Having observed five arrows, each of which travelled over 200m, our beliefs have shifted far from the prior and are much closer to the likelihood, which is as we would expect.

Sympy has proved itself capable of solving the necessary integrals to compute the Bayesian posterior, and it does so algebraically rather than numerically. It seems to me that this is pretty handy, particularly when working with the horrible PDFs of continuous random variables.
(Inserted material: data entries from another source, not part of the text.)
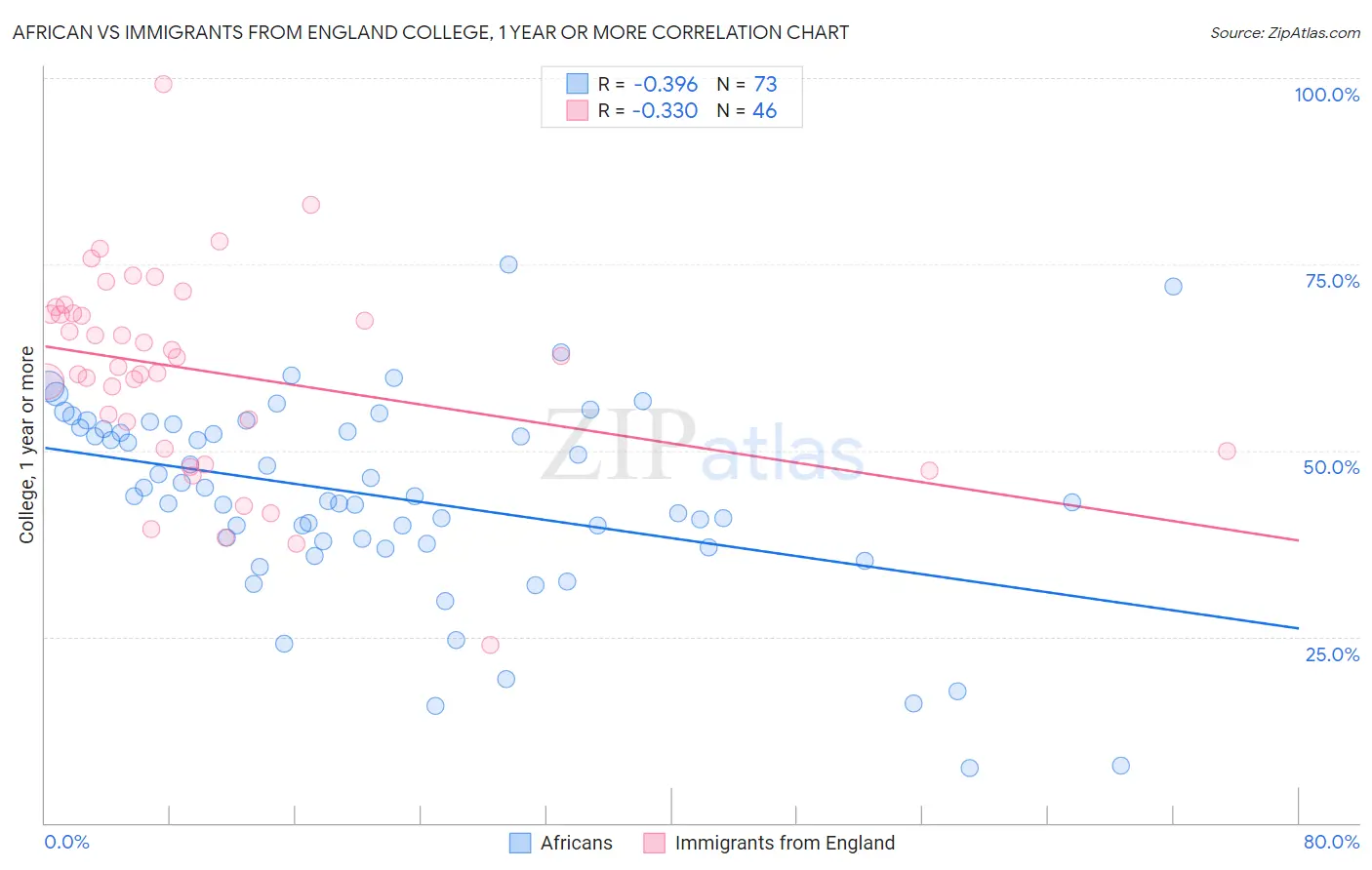 African vs Immigrants from England College, 1 year or more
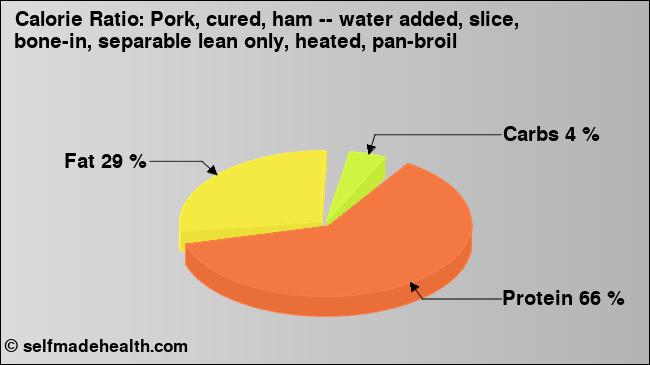 Calorie ratio: Pork, cured, ham -- water added, slice, bone-in, separable lean only, heated, pan-broil (chart, nutrition data)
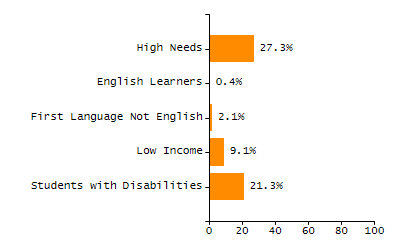 Stability rate chart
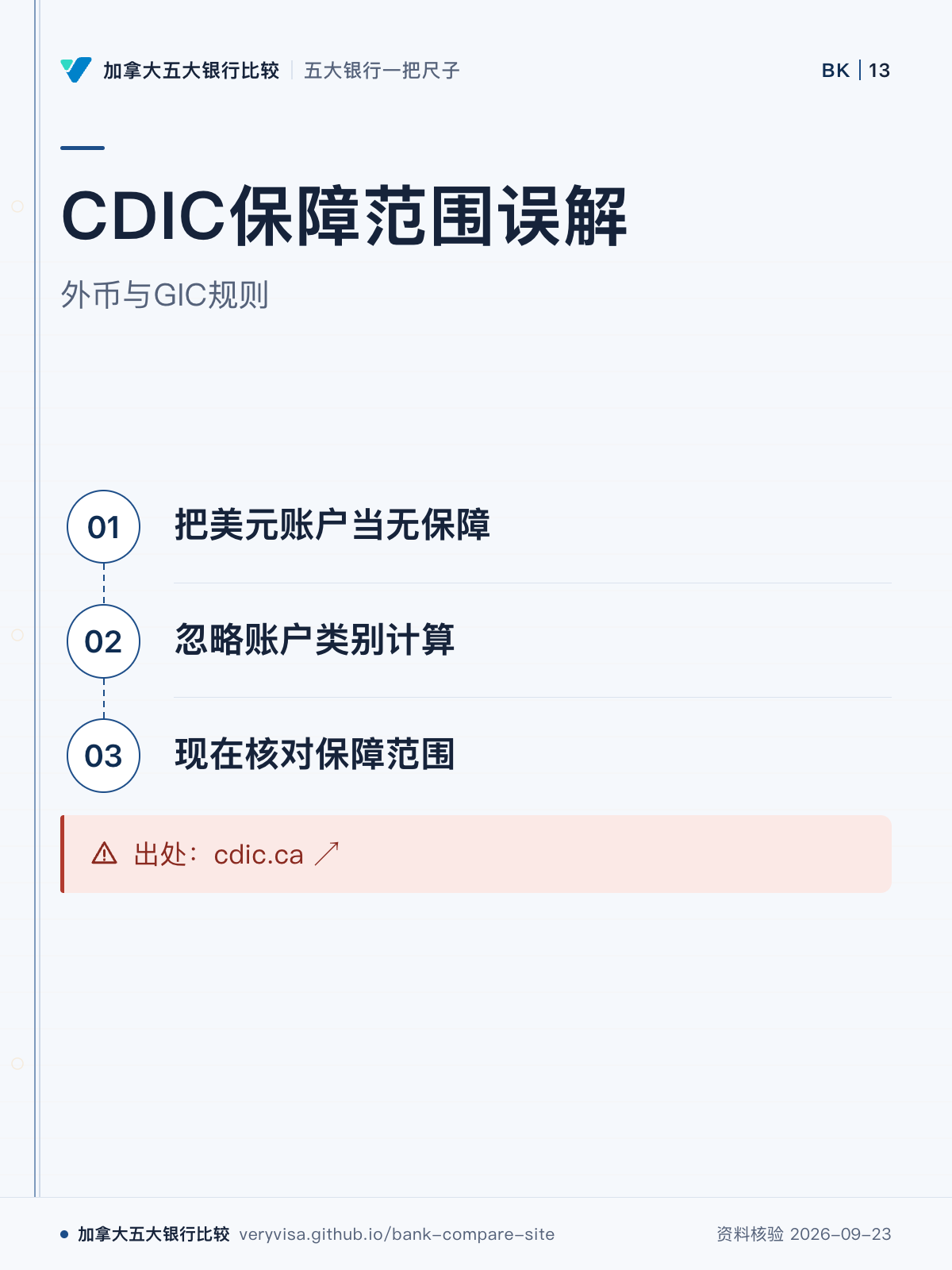 CDIC保障范围误解；外币与GIC规则；把美元账户当无保障；忽略账户类别计算；现在核对保障范围；出处：cdic.ca ↗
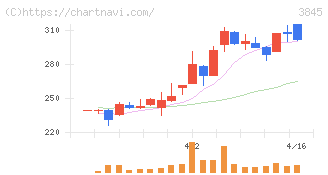 アイフリークモバイル(3845)の日足チャート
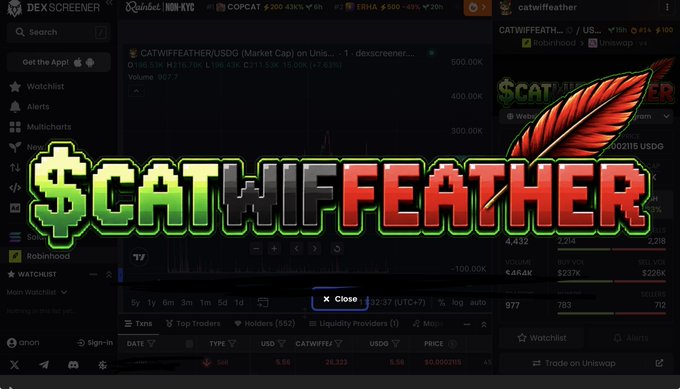 A screenshot of the DexScreener trading platform displaying the $CATWIFFEATHER/USDD token chart on the Uniswap exchange, with a large pixelated "$CATWIFFEATHER" logo featuring a red feather overlay prominently featured in the center of the image.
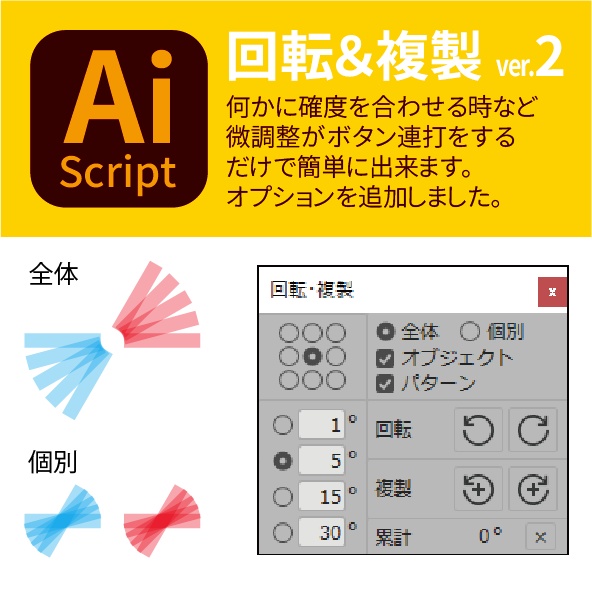回転＆複製 (Rotate&Copy)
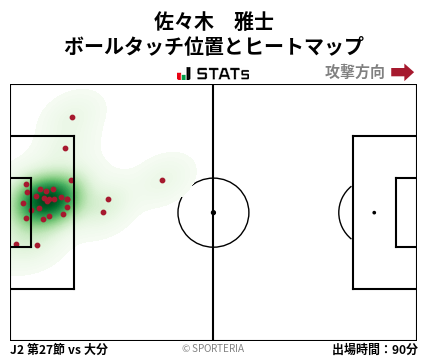 ヒートマップ - 佐々木　雅士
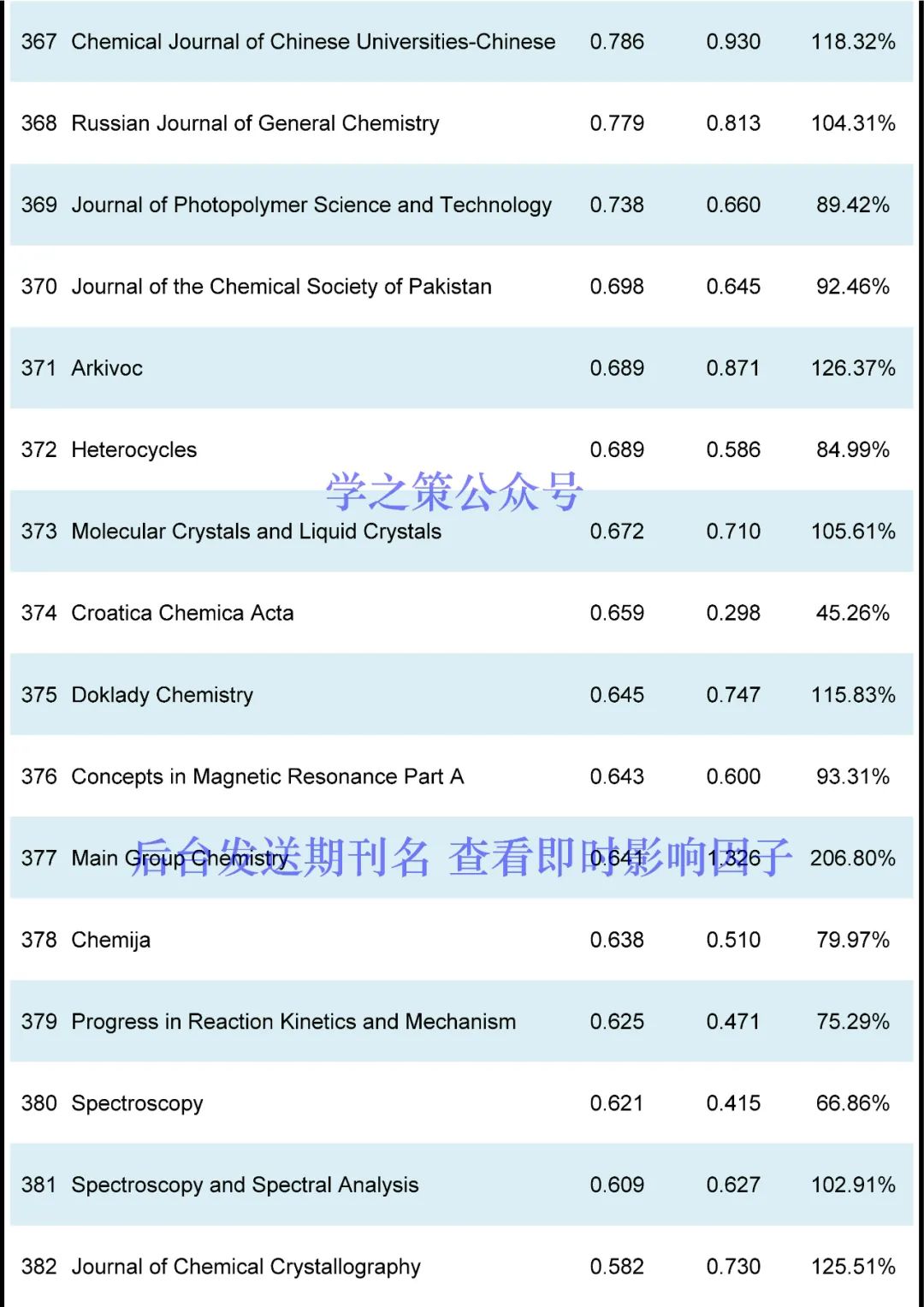 IF最高72.087！化學期刊最新即時IF發布！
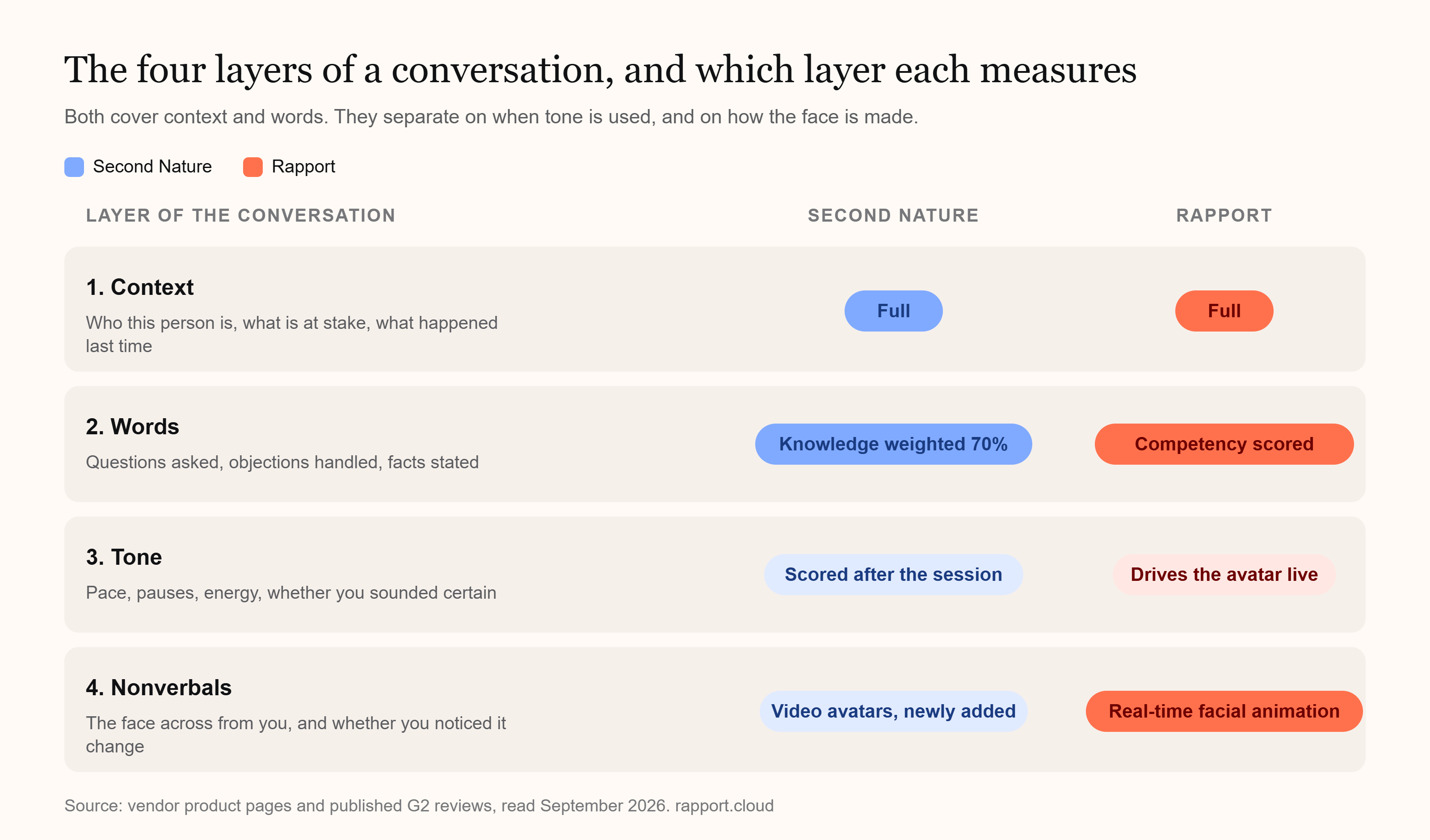 Matrix showing context, words, tone, and nonverbal coverage for Second Nature and Rapport, with real-time facial animation only on Rapport.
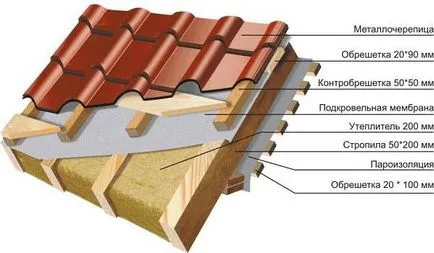 Construcția unei case cadru cu propriile sale mâini o diagramă detaliată, fotografii ale etapelor de constructie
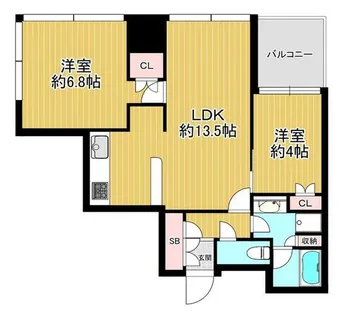 シティタワー西梅田【20階】の間取り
It would be perfection if Sympy could go the extra step and recognise when functions can be rewritten in terms of one of the standard continuous PDFs. But being able to symbolically solve, integrate and differentiate expressions is awesome since doing it by hand is laborious. Those of us with weaker calculus often avoid the theoretical side of statistics in favour of the applied, doubly so since the field of machine learning has made some terrific predictive algorithms availabe that require no knowledge of probability at all. Now that I know about Sympy, in the future, I will definitely spend a bit more time understanding the theoretical aspects of the applied statistics I do.